Task »
Transcribe the lines exactly, beginning with the one that contains "1.89 Ct. Blue" and ending with the final line of the records. Do not transcribe pictures.

Source data »

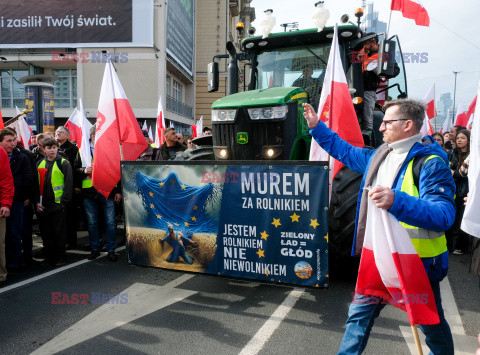 Protest rolników w Warszawie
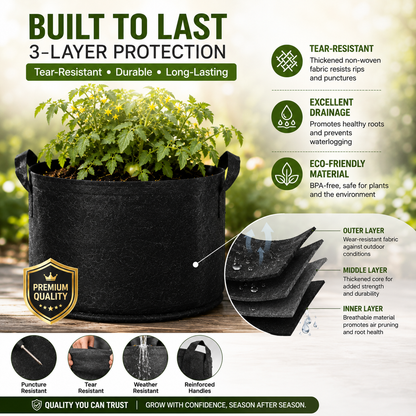 🌱6pack Backyard Harvest Grow Bag™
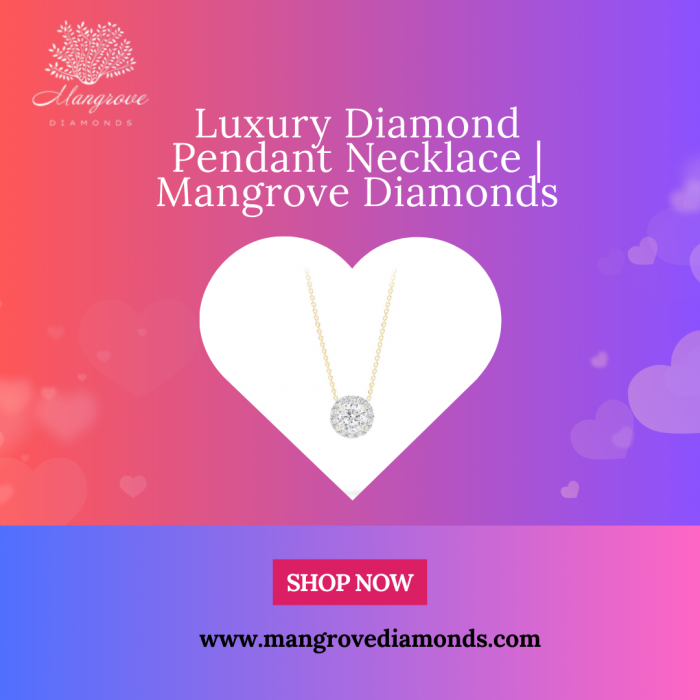 Luxury Diamond Pendant Necklace | Mangrove Diamonds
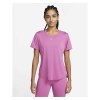 Nike Dri-Fit One Womens Top Cosmic Fuchsia-White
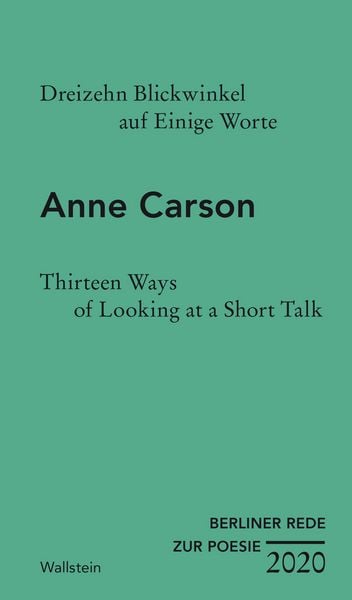 Produktbild: Dreizehn Blickwinkel auf Einige Worte / Thirteen Ways of Looking at a Short Talk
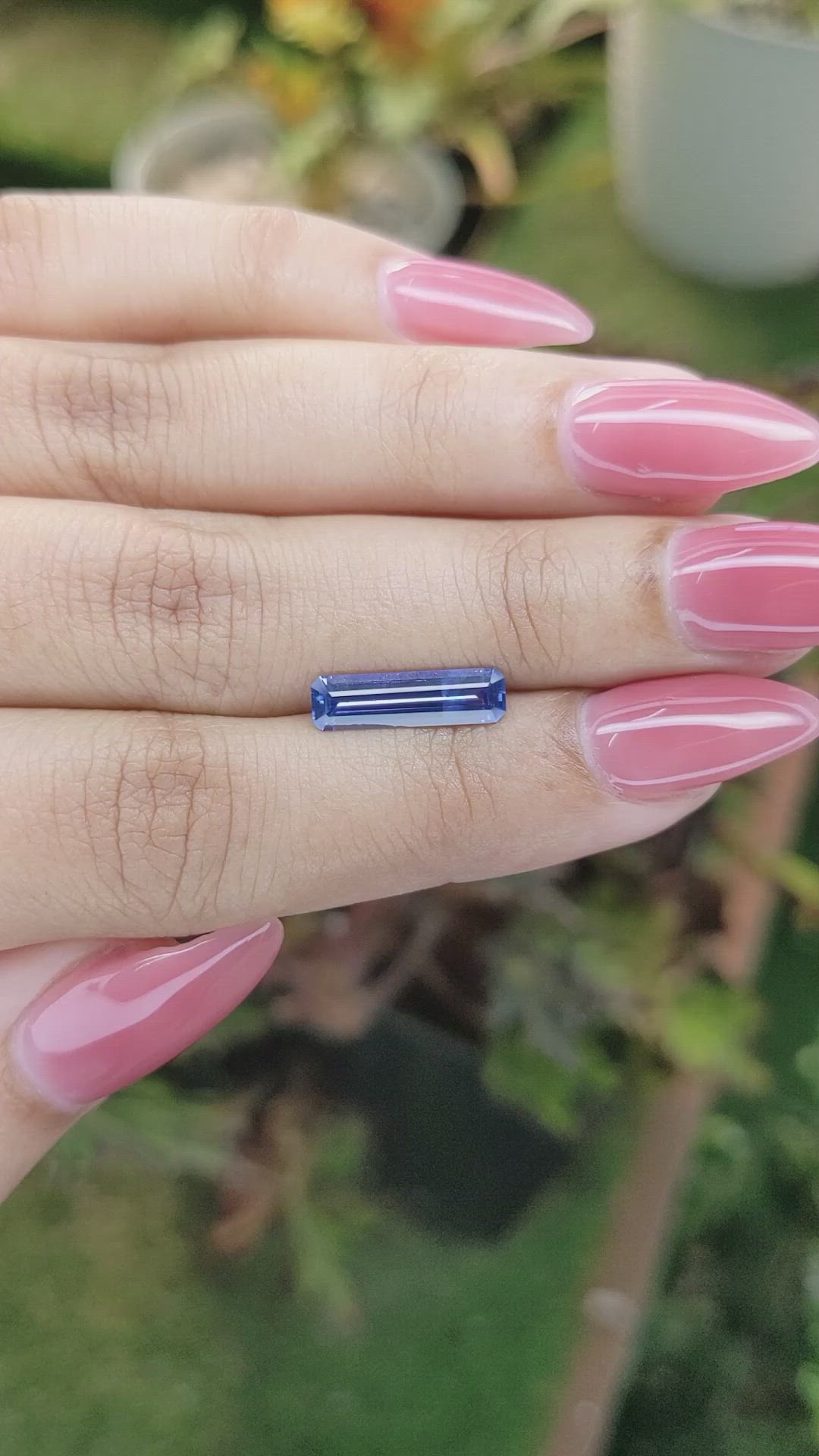 1.89 Ct. Blue Sapphire from Ceylon (Sri Lanka) Size Video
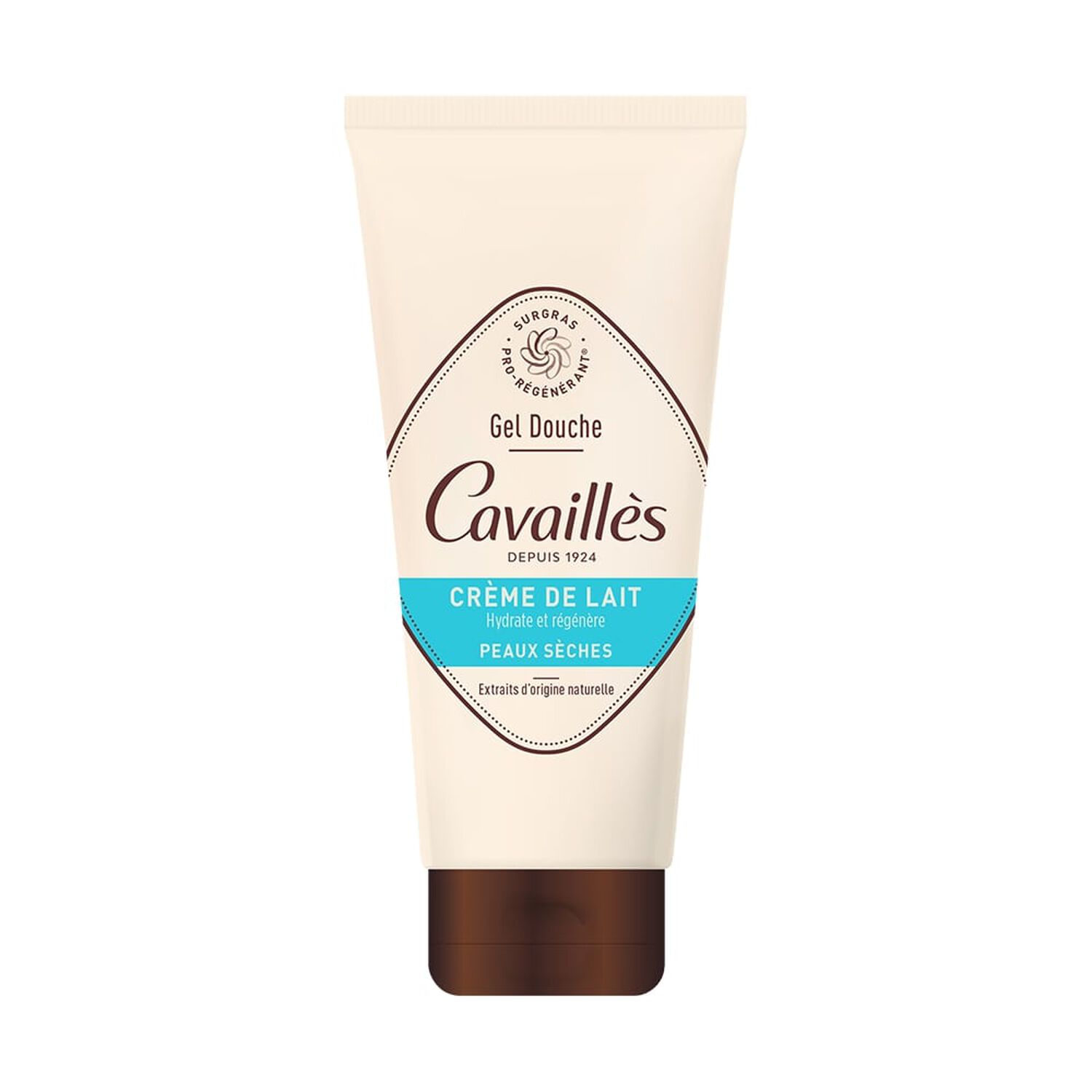 Cavaillès Gel Douche Hydratant Crème de Lait Nettoyant - Peaux Sèches 200 ml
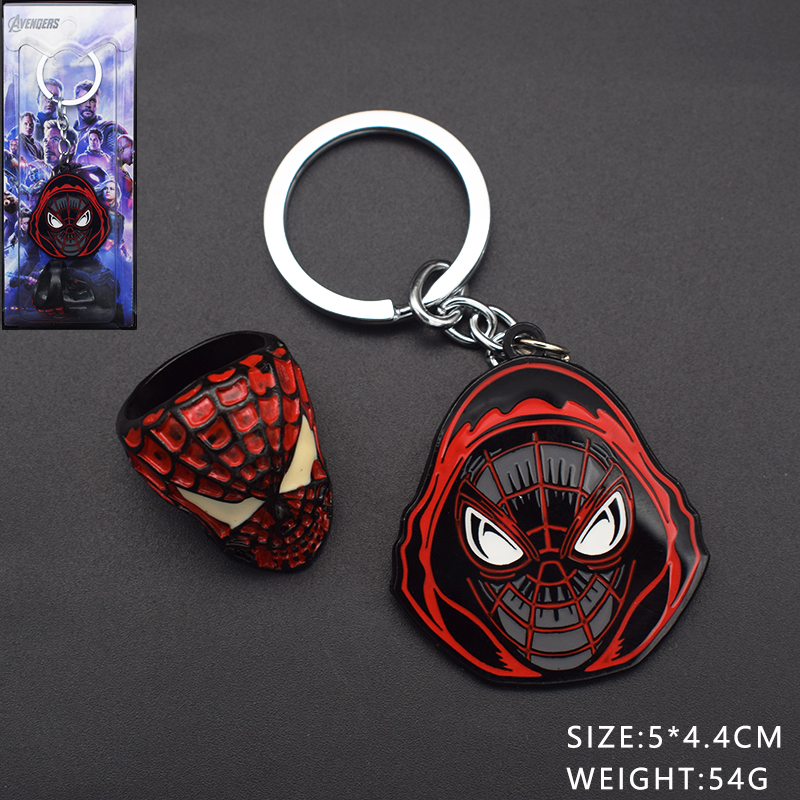 spider man anime keychain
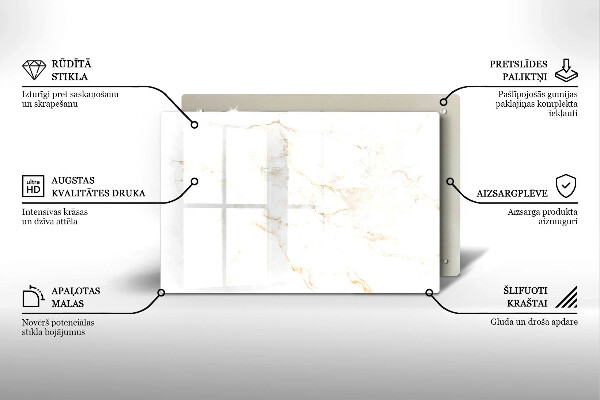 Grafkaars onderzetter Elegante marmeren steen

Written reply »
 1.89 Ct. Blue Sapphire from Ceylon (Sri Lanka) Size Video
 Cavaillès Gel Douche Hydratant Crème de Lait Nettoyant - Peaux Sèches 200 ml
 spider man anime keychain
 Grafkaars onderzetter Elegante marmeren steen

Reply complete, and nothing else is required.